JAPONIA: Japońskie pociągi -mission possible!

Rozpoczynanie opowieści o Japonii wpisem o pociągach mówi samo za siebie - to sieć komunikacji, tysiąca połączeń, nieustający ruch składów i wynikająca z niego mobilność mieszkańców nadają rytm temu krajowi. Nie chcę udzielać rad, ani pisać przewodnika tłumaczącego, jak korzystać z japońskich kolei, bo można znaleźć ich wystarczająco dużo w internecie, ale chcę przekazać swoje subiektywne wrażenia z podróży japońskimi pociągami. Dobro narodowe - oto czym jest kolej dla Japonii. 





Zanim wybraliśmy się do Japonii, przestudiowaliśmy wiele blogów, poradników, for, których przedmiotem była japońska sieć komunikacji. Ilość możliwości, jakie daje przytłacza, a obcobrzmiące nazwy dodatkowo potęgują wrażenie, że Europejczykowi będzie trudno odnaleźć się w tym gąszczu. Nic bardziej mylnego. Podróżowanie pociągiem jest łatwe, przyjemne i niesamowicie komfortowe.
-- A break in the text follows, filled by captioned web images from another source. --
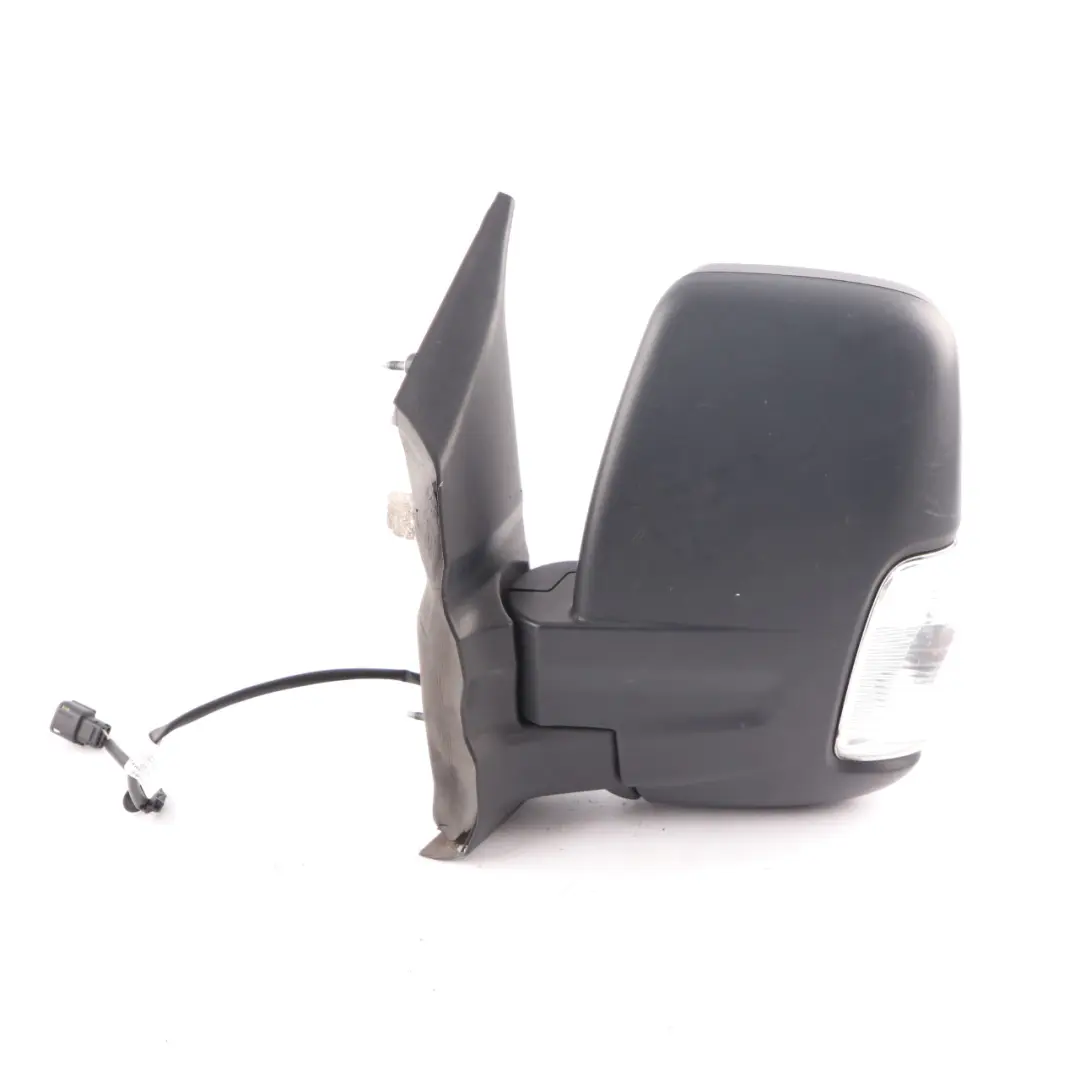 MK8 Wing Mirror Base Door Left N/S Outside Carrier to Ford Transit with Part number BK3117683BM5JA6 Ford Transit MK8 Wing Mirror Base Door Left N/S Outside Carrier - SKU rhd-BK3117683BM5JA6-1 - Part number BK3117683BM5JA6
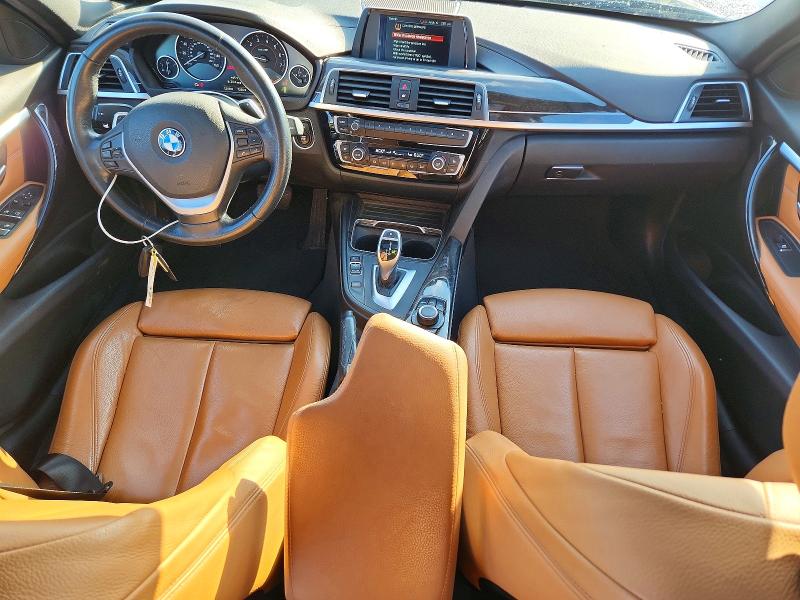 Photo 8 from auction – 2019 BMW 330XI with VIN WBA8K3C50KA484428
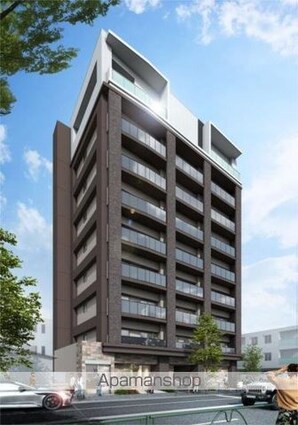 Ｐｏｒｔｏｆｉｎｏ（ポルトフィーノ）[2LDK/46.2m2]の外観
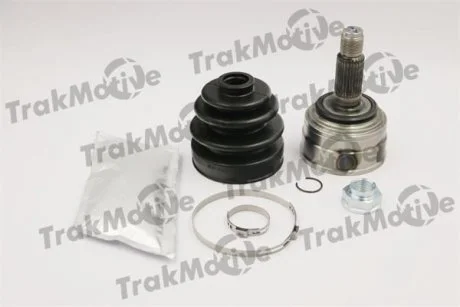 HONDA Шрус наружный к-кт 28/26 зуб. ACCORD III (CA) 2.0 EX (CA5) TRAKMOTIVE 400176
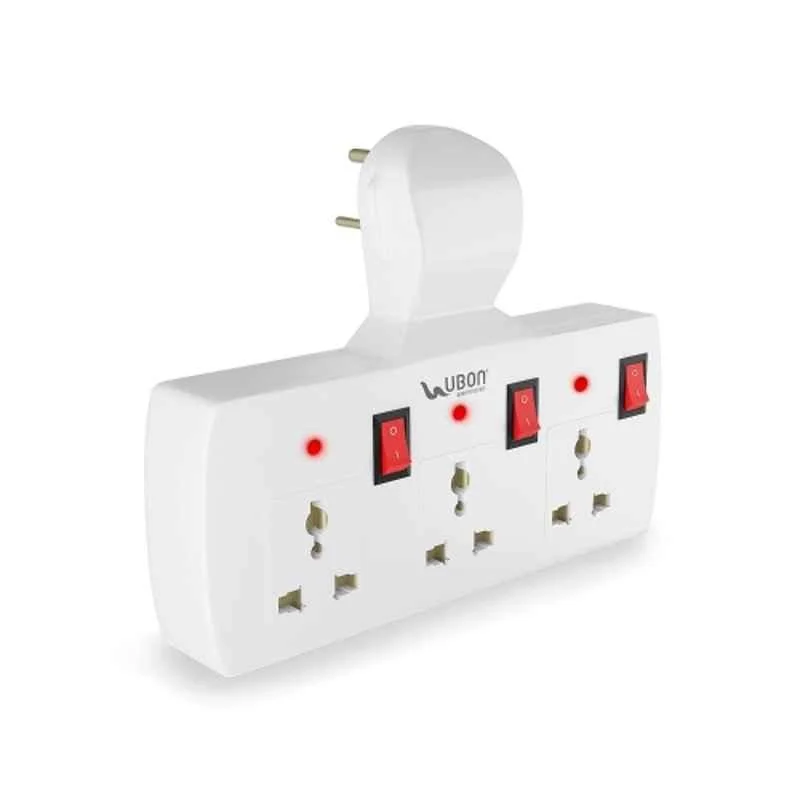 Mini Power Extension Board 3 Pin Socket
Połączenia kolejowe w Japonii


Zacznijmy od początku... Jeszcze zanim wybieramy się do Japonii powinniśmy zaopatrzyć się w karnet, czyli słynny JR-Pass, który jest dostępny jedynie poza granicami kraju (nie kupimy go w Japonii!). Polecam korzystanie z firm z UK albo Niemiec- jeżeli chcemy korzystać z pomocy polskiego pośrednika musimy liczyć się z wyższą ceną. JR-Pass to dla Polaka spory wydatek (de facto największy poza biletem lotniczym), ale bez niego nie będziemy w stanie poruszać się po Japonii (ceny pojedynczych biletów dobijają..). Za tygodniowy pass w wersji „ekonomicznej” (nie obejmuje najszybszego modelu pociągu oraz tzw. Green Cars, czyli ichniejszej 1 klasy) zapłaciliśmy 900 zł. Karnet zwraca się bardzo szybko. Planując wyprawę warto zastanowić się, kiedy gdzie chcemy być, żeby aktywować bilet w odpowiednim momencie.
Brzmi skomplikowanie. Krok po kroku wygląda to tak:
  1. Zamawiamy imienny JR-Pass do domu (nie musimy podawać dokładnych dat, kiedy chcemy z niego korzystać).
  2. Otrzymujemy promesę z mapką połączeń i informacją, gdzie możemy go aktywować.
  3. Będąc w Japonii decydujemy, w którym terminie chcemy korzystać z karnetu i udajemy się do biura JR, gdzie nasza promesa zostaje na niego wymieniona. Z dołączonej informacji dowiemy się, gdzie można to zrobić- możliwości jest wiele: lotniska, dworce kolejowe itd.
  4. Możemy korzystać dowolnie z każdego pociągu Japan Railways (w zależności od wybranego karnetu) -nie musimy rezerwować miejsc (ale możemy).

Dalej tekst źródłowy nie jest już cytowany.